No século XVIII, os filósofos do movimento chamado Iluminismo observaram as mudanças que estavam ocorrendo nas diferentes camadas da sociedade e defendiam que o novo mundo que estava surgindo fosse um mundo racional. Os filósofos iluministas não trouxeram grande contribuição para o avanço da dialética porque não refletiam profundamente nas contradições internas que as transformações sociais das quais eram testemunhas e apoiadores. Houve uma exceção: o filósofo Denis Diderot (1713-1784), autor de uma obra rica em observações de grande interesse para a concepção dialética do mundo onde diz:

"Sou como sou" - escreveu ele - "porque foi preciso que eu me tornasse assim. Se mudarem o todo, necessariamente eu também serei modificado." E acrescentou: "O todo está sempre mudando". Na segunda metade do século XVIII a maior contribuição para a dialética foi dada por Jean-Jacques Rousseau.

Houve entre o final do século XVIII e início do século XIX uma mudança nos conflitos políticos, que já não eram exclusividade de uma elite e podiam ser vistos nas ruas. Isso teve uma contribuição direta das lutas que precederam e desencadearam a Revolução Francesa, que mobilizou as massas e fez o homem comum refletir sobre a realidade política que o cercava.

Ainda no século XIX, Hegel aparece com o conceito de superação dialética, que era a negação de uma realidade, a conservação da essência dessa realidade negada e a sua elevação a um nível superior, afirmava ainda que o trabalho é a mola que impulsiona o desenvolvimento. Karl Marx acabou superando Hegel dialeticamente através de sua concepção de alienação, no qual o homem em vez de realizar-se no trabalho acaba se alienando nele e se sente ameaçado pelas suas próprias criações, em vez de libertar-se acaba se enrolando cada vez mais em opressões. O conhecimento, segundo Marx, é totalizante, ou seja, toda ação humana é interligada com outra e ambas fazem parte de um todo, e para que haja uma modificação na realidade é necessário que haja um acumulo de mudanças nas partes que compõem esse todo. Entre outras contribuições de Marx para a dialética estão os princípios da contradição e mediação e a fluidificação dos conceitos. Friedrich Engels deu continuidade à obra de Marx. Engels se baseou nas obras de Hegel e elaborou as três leis da dialética que foram muito bem aceitas pelos operários da época.
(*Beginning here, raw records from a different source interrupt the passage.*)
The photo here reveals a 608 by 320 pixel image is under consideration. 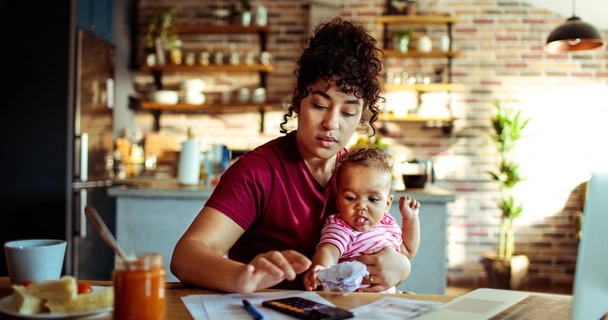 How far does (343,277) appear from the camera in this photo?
1172 millimetres

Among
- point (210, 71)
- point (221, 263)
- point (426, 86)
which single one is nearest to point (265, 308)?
point (221, 263)

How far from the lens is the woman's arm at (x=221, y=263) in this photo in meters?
A: 1.02

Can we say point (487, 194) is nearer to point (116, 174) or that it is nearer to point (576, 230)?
point (576, 230)

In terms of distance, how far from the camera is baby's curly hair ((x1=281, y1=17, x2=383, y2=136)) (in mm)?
1486

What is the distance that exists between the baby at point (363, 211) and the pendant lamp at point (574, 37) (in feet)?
8.95

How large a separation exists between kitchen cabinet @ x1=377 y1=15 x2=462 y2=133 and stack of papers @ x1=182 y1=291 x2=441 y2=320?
13.4 ft

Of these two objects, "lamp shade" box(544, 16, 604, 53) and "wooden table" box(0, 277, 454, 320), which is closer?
"wooden table" box(0, 277, 454, 320)

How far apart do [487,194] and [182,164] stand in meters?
3.20

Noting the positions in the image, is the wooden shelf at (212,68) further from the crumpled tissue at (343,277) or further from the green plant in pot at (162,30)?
the crumpled tissue at (343,277)

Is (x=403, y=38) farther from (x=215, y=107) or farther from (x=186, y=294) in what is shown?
(x=186, y=294)

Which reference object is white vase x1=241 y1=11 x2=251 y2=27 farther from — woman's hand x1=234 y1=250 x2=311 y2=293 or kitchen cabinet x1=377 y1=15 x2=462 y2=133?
woman's hand x1=234 y1=250 x2=311 y2=293

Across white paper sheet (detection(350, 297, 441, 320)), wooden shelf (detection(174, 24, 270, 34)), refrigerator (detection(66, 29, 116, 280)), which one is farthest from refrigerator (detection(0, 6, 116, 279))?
white paper sheet (detection(350, 297, 441, 320))

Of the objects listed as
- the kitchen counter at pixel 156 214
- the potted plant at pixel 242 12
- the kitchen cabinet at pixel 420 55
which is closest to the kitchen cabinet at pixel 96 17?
the potted plant at pixel 242 12

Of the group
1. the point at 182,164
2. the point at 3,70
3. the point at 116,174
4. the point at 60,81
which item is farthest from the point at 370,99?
the point at 116,174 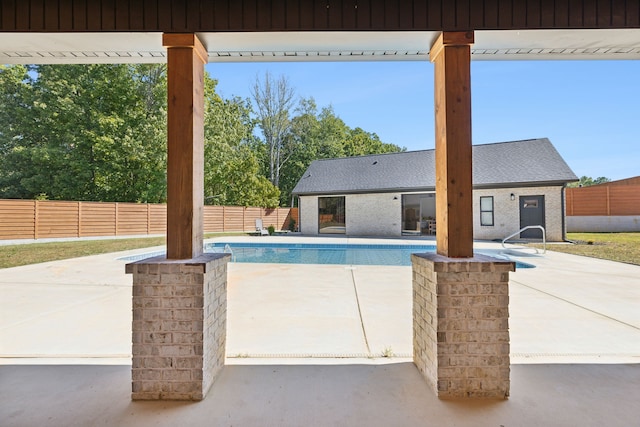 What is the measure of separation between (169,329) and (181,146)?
4.01 ft

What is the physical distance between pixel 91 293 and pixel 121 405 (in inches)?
147

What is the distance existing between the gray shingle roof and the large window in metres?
1.05

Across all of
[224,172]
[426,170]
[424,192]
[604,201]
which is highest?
[224,172]

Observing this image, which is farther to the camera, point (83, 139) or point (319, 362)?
point (83, 139)

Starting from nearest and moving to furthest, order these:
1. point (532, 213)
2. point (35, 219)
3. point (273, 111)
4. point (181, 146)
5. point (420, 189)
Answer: point (181, 146) < point (35, 219) < point (532, 213) < point (420, 189) < point (273, 111)

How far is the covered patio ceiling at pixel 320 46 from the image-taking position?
2.47 meters

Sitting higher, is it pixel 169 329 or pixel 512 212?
pixel 512 212

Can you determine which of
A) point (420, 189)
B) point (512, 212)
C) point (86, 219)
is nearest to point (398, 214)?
point (420, 189)

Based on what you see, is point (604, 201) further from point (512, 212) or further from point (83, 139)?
point (83, 139)

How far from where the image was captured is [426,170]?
1697cm

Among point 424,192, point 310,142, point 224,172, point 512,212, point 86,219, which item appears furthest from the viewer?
point 310,142

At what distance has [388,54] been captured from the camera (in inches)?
112

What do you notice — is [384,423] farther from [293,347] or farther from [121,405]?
[121,405]

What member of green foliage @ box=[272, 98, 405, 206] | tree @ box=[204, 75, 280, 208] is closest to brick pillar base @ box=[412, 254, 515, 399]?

Após a morte de Engels a dialética seguiu, mas muitos filósofos que se consideravam dialéticos não a compreendia em sua totalidade, consequentemente houve uma grande deformação na concepção dialética. Quem conseguiu valorizar novamente a dialética foi Rosa Luxemburgo e Vladimir Lenin.

No final do livro o autor expõe que uma das características essenciais da dialética é o espírito crítico e autocrítico, dizendo que os dialéticos devem estar sempre dispostos a rever as interpretações em que se baseiam para atuar. A dialética, de acordo com o filósofo brasileiro Gerd Bornheim, “é fundamentalmente contestadora". Ninguém conseguirá jamais domesticá-la.